Selon la tradition provençale, Marthe s’est installée aux Saintes-Maries-de-la-Mer avec sa fratrie et d’autres disciples. C’est elle qui aurait fondé la première communauté chrétienne de Tarascon, vers l’an 50. Au-dessus de l’emplacement supposé du tombeau de Marthe, une collégiale royale a été édifiée et porte son nom.
Parmi les récits que la tradition rapporte, à prendre donc avec d’infinies précautions, la sainte aurait vaincu la Tarasque, qui terrorisait la population de Tarascon. La Tarasque ? Jacques de Voragine, l’auteur de "La légende dorée", évoque à son sujet un "dragon, mi-animal, mi-poisson, plus gros qu’un bœuf, plus long qu’un cheval, avec des dents aigües comme des cornes, et de grandes ailes aux deux côtés du corps ; et ce monstre tuait tous les passagers et submergeait les bateaux".
Marthe lui jeta de l’eau bénite et lui montra la croix. Le monstre devint doux comme un agneau, la sainte lui passa sa ceinture autour du cou. Conduite au village voisin, la Tarasque fut tuée par les habitants à coups de pierre et de lance. Grâce à Marthe, la région est définitivement débarrassée de la terrible créature. Marthe devient la protectrice de la ville. Et depuis des siècles, des fêtes et processions rappellent son intervention pour débarrasser la ville du dragon.

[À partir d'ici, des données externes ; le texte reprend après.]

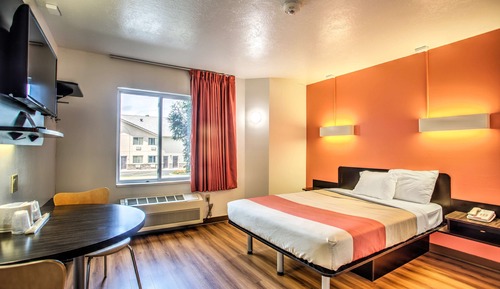 Standard Room, 1 Queen Bed, Non Smoking, Refrigerator & Microwave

Des commandes pour honorer Sainte Marthe
La ville se devait d’honorer celle qui la protégeait. Le père Chérubin de Noves, général de l’Ordre des capucins avait été envoyé au début du XVIIIe auprès du pape Clément XIV, à Rome. Il y fit peindre des tableaux de grande dimension destinés à orner l’église du couvent de Tarascon. Tous racontent l’histoire de Sainte Marthe. Deux sont commandés à Carle Van Loo, dont celui qui rapporte l’épisode de la Tarasque.
En 1730, date de la commande, Carle Van Loo était alors à Rome où il a effectué plusieurs longs séjours. Il peint cette grande huile sur toile (230 cm par 140 cm) sous le titre "Marthe domptant la Tarasque". L’œuvre est envoyée au couvent des capucins. On y voit une Marthe pleine de douceur faire face à une créature enragée que rien ne permet d’identifier. Pour la maîtriser, la sainte a pour seules armes la croix et l’eau bénite.

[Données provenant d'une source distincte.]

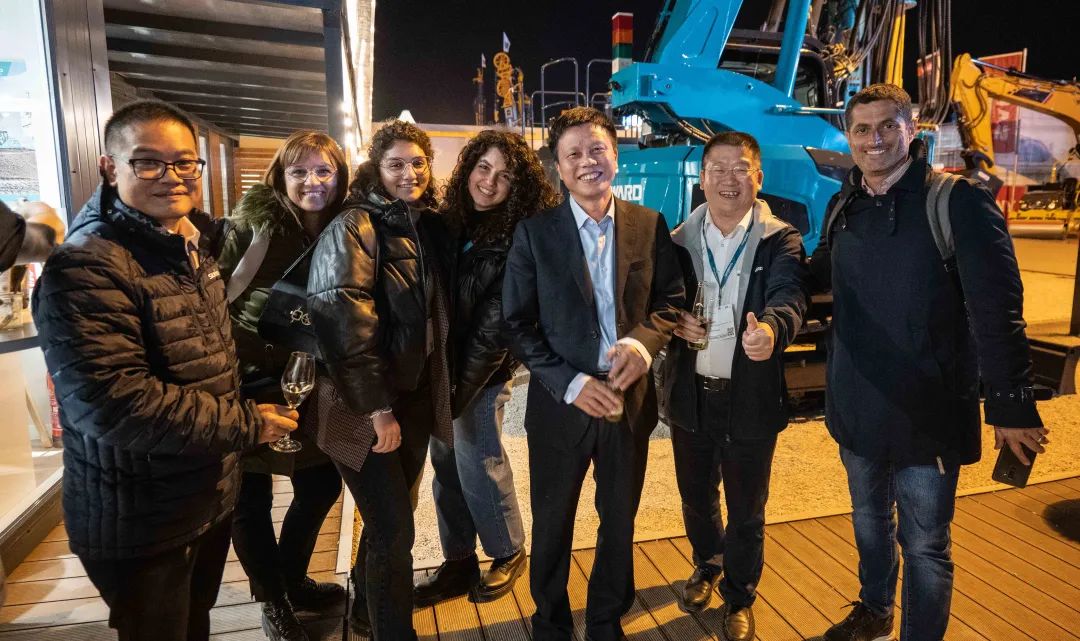 Bauma 2022 | 一组火热现场图带您重温米兰平台app体育-官方版-米兰电竞直播
智能德国宝马展之旅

Les conditions dans lesquelles le tableau se retrouve maintenant, avec les autres toiles de la même série, dans la collégiale royale de Tarascon ne sont pas précisées. Le vent de l’histoire, des péripéties lors de la Révolution… Peut-être était-ce tout simplement car il a semblé que l’histoire de Sainte Marthe devait avoir une place privilégiée dans l’église qui lui est consacrée.